Q.O.: Il s’agit donc du pire séisme survenu depuis très longtemps, au vu de l’ampleur des dégâts humains et matériels occasionnés ?
M.M.: Oui, le séisme très violent de magnitude 7,8 provoque une faille sur plus de 400 km de longueur, ce qui veut dire que ce sont 400 km de faille qui se sont brutalement réveillés, ce qui ne s’est pas produit depuis 900 ans. Étant donné la très forte magnitude du séisme, il serait dans la logique des choses d’observer des déplacements de l’ordre de huit mètres. Il faut aussi garder en tête que l’échelle des magnitudes de moment n’est pas proportionnelle, il s’agit d’une échelle logarithmique.
Cela ferait donc plus de 900 ans que cette branche de la faille est-anatolienne emmagasine la tension créée par la poussée de la plaque arabe. Et vu la contrainte accumulée, il fallait s’attendre à une catastrophe de ce genre dans cette région. Tout le problème est qu’il était impossible de prévoir quand cela allait se produire. À la suite de ces deux séismes majeurs survenus en Turquie, les répliques sismiques ne cessent d’être enregistrées. Plus de 400 secousses ont ainsi affecté une large partie du pays.
Q.O.: Vous avez déjà participé en tant qu’expert sismologue à une étude sur la définition des zones sismiques dans cette région du globe.
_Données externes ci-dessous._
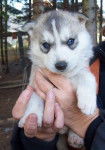 Baby - Husky Sibérien (2 mois)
M.M.: En effet, je connais bien cette région du monde. En 2003, juste après le séisme de Boumerdès, j’ai coordonné pour le compte de la Commission européenne, un projet d’étude paléo-sismologique, destinée surtout à la protection des sites culturels au Moyen-Orient. En collaboration avec quatre chercheurs issus des pays comme la Syrie, la Turquie, la Jordanie et le Liban, avec trois experts algérien, anglais et allemand, j’ai encadré ce projet d’étude financé par la Commission européenne dans le cadre de la recherche, comme j’ai fait des études similaires pour le compte d’autres pays, y compris pour l’Algérie consécutivement au séisme de Boumerdès en mai 2003.
Q.O.: Cette tragédie, survenue en Turquie et en Syrie, ravive chez les Algériens des souvenirs douloureux, à l’exemple des séismes meurtriers d’El Asnam en 1980 et Boumerdès en 2003, sommes-nous préparés pour faire face à une catastrophe naturelle d’une telle ampleur ?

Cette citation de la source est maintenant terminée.